Reg Affairs CMC Director early start up in Portsmouth

Exciting early innovation young start up rapidly expanding to deliver phase 3 success, seeks regulatory affairs CMC Director experienced in combination products with a proven track record influencing regulators on complex innovation. Our client is a young exciting publicly listed clinical-stage company dedicated to transforming the lives of patients in its therapy areas. With its novel and proprietary drug products and current clinical development programs, our client is aiming to provide improved treatments for patients with increased remission rates, faster onset of action, durable effects, and improved tolerability and convenience.

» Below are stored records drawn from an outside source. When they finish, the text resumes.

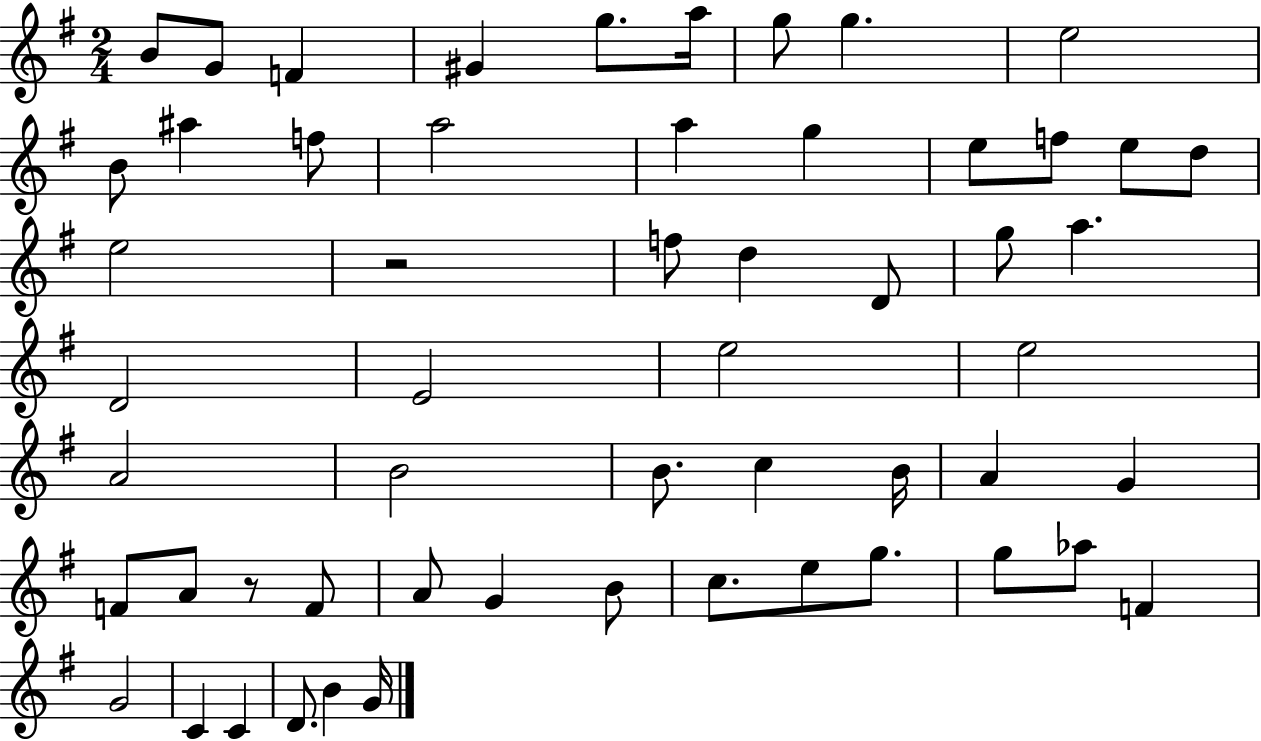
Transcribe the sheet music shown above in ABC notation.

X:1
T:Untitled
M:2/4
L:1/4
K:G
B/2 G/2 F ^G g/2 a/4 g/2 g e2 B/2 ^a f/2 a2 a g e/2 f/2 e/2 d/2 e2 z2 f/2 d D/2 g/2 a D2 E2 e2 e2 A2 B2 B/2 c B/4 A G F/2 A/2 z/2 F/2 A/2 G B/2 c/2 e/2 g/2 g/2 _a/2 F G2 C C D/2 B G/4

Overall Purpose: We’re looking for a Director of Regulatory Affairs CMC (combination products) to work closely with the existing regulatory team, internal and external experts, and collaborate and contribute towards successful execution of their pivotal clinical program and commercialization. This requires practical experience and a proven track record in overseeing CMC regulatory activities in complex and innovative areas, preferably with experience of inhaled products.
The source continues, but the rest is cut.